Vendredi, l'une des plus grandes agences de notation, S&P Global Ratings, a abaissé d'un cran la note de la France, invoquant une incertitude "élevée" sur les finances publiques. Fitch avait dégradé sa note en septembre et la décision de Moody's est attendue vendredi.
La promesse de suspension de la réforme des retraites, enjeu majeur pour permettre à Sébastien Lecornu de se maintenir, continue d'agiter la classe politique.
"Je considère que cette suspension est en réalité une abrogation. Le débat est à présent renvoyé à l'élection présidentielle", affirme Olivier Faure.
Mais le gouvernement a fait le choix d'inscrire cette promesse dans un amendement au projet de loi de financement de la Sécurité sociale.
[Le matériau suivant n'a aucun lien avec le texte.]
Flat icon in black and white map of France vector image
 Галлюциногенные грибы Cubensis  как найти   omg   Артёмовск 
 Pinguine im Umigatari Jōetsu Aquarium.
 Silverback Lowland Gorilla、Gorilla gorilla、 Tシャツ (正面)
Et certains craignent que cette voie lui permette de ne pas acter la suspension en cas d'enlisement des débats et de recours à des ordonnances pour faire passer le budget.
"Il n'y a ni entourloupe ni plan caché", a assuré la porte-parole du gouvernement Maud Bregeon au Parisien, le Premier ministre "veut permettre à l'Assemblée de débattre".
Pas de quoi convaincre le RN et LFI qui demandent à Sébastien Lecornu "une lettre rectificative" permettant de modifier le projet de budget de la Sécu avant son examen.
"Cela fait partie des options que nous avons demandées au Premier ministre", a déclaré à l'AFP Pierre Jouvet, le secrétaire général du PS. "On regarde tout et on réfléchit à tout", a commenté de son côté un conseiller gouvernemental.
Cette piste n'est pas envisageable pour le président (LR) du Sénat Gérard Larcher, qui a estimé sur RTL/Public Sénat que cela "amputera de 15 jours" les débats à la chambre haute. Il a aussi mis en garde contre un éventuel recours aux ordonnances, une "négation du Parlement".
"Si ce sont des ordonnances qui font office de pseudo 49.3, la censure sera là", a aussi averti Olivier Faure.